後悔
おミツは膳を片付けると、家の掃除と次の食事の下拵えと、
少しは栄養を取れるようにと、薬湯を煮出す。
これが思いの外時間がかかり、すぐに日が暮れだすのだ。
相楽は一日中書きものをしていたようで、書き損じの文のようなものが大量に散らばっていた。
「相楽様。夕餉の用意が出来ました。」
何となく冷たい声が出てしまった。
それでも気付いていないのか、いつものように相楽は文机から顔をゆっくりと上げ、
「あぁ。」
と呟いて筆を置いた。
言いたくもないのに余計な一言が口から滑り落ちる。
「相楽様。あまり無理をされますとお体に障ります。」
いつもあまり話さないおミツから注意を受け、相楽の左眉がピクリと動いた。
一言「構うな。」
とぴしゃりと言って膳に手を付け始める。
その手がいつもより、心なしか急いでいるように見える。
満足な文が書き上がっていないのだろう。
八重という女子へだろうか。
ついつい言ってはならないとわかってはいるものの、ポロリと口から零れ落ちた。
「八重殿ですか・・・。

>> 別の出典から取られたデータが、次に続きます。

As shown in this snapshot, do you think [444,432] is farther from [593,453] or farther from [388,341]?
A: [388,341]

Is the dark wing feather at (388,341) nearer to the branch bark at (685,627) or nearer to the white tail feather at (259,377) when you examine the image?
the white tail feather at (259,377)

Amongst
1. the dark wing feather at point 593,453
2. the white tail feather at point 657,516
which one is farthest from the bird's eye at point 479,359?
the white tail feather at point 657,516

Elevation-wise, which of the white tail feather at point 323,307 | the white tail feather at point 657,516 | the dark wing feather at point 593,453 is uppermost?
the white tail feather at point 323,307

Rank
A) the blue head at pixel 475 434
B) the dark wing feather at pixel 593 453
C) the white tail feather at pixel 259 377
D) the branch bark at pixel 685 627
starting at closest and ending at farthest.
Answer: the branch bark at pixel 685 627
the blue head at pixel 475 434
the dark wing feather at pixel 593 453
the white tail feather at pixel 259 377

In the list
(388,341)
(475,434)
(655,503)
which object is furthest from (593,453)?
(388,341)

」
ピタリと相楽の手が止まった。
しまった。
昼に盗み聞きをされたと思うに違いない。
相楽は一瞬おミツをちらりと見たが、
「お主が気にする事では無い。」
と言って再び膳に箸を伸ばし始めた。
気にされないのが悔しくて、
「何故その方は相楽様に会いに来て下さらないのですか?」
と最後の方は叫ぶように言ってしまった。
それが相楽の逆鱗に触れてしまったらしい。
背後にあった刀を手にし、
「無礼な小娘め!そこに直れ!叩き斬ってくれる!」
と怒りの声を上げた。
普段物静かな相楽がここまで取り乱すのは珍しい。
激怒しているところを見ると、もしかしてその女子はもう・・・。
おミツはそこまで思い至ると、何と浅はかな事をと後悔の念に苛まれた。